■ Required work:
Below are entries. Pull out all lines containing "featuring".

■ Data provided:
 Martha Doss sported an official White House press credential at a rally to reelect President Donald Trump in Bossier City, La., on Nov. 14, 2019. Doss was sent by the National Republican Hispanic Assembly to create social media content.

---

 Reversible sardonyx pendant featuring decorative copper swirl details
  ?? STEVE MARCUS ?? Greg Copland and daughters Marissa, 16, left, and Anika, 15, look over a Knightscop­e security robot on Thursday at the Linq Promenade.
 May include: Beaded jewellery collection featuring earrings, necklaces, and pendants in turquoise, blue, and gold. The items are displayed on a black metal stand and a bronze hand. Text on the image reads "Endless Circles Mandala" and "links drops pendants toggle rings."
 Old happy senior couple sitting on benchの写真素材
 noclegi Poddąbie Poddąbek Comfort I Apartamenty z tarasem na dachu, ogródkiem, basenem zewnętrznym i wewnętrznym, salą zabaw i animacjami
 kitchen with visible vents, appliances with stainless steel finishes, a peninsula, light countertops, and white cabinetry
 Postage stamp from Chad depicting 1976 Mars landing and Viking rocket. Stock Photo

==

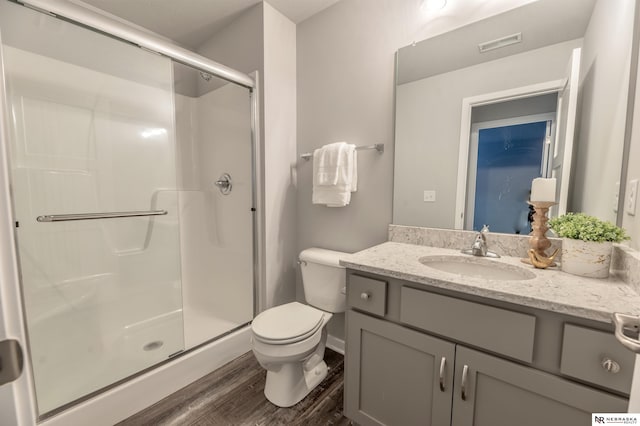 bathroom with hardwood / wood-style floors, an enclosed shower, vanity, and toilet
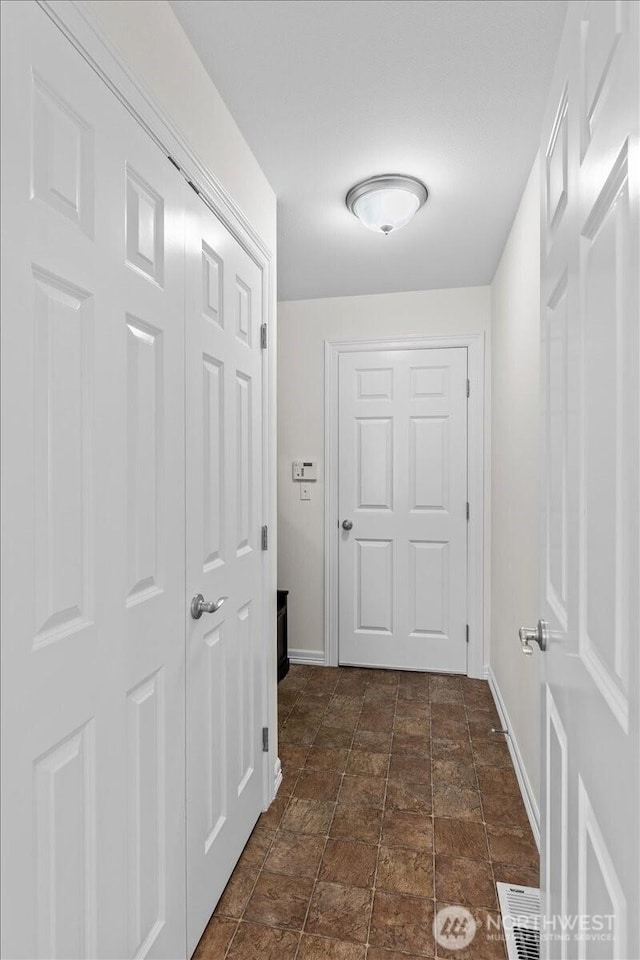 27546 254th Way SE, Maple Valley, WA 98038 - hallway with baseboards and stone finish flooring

■ Finished exercise:
 Reversible sardonyx pendant featuring decorative copper swirl details
 May include: Beaded jewellery collection featuring earrings, necklaces, and pendants in turquoise, blue, and gold. The items are displayed on a black metal stand and a bronze hand. Text on the image reads "Endless Circles Mandala" and "links drops pendants toggle rings."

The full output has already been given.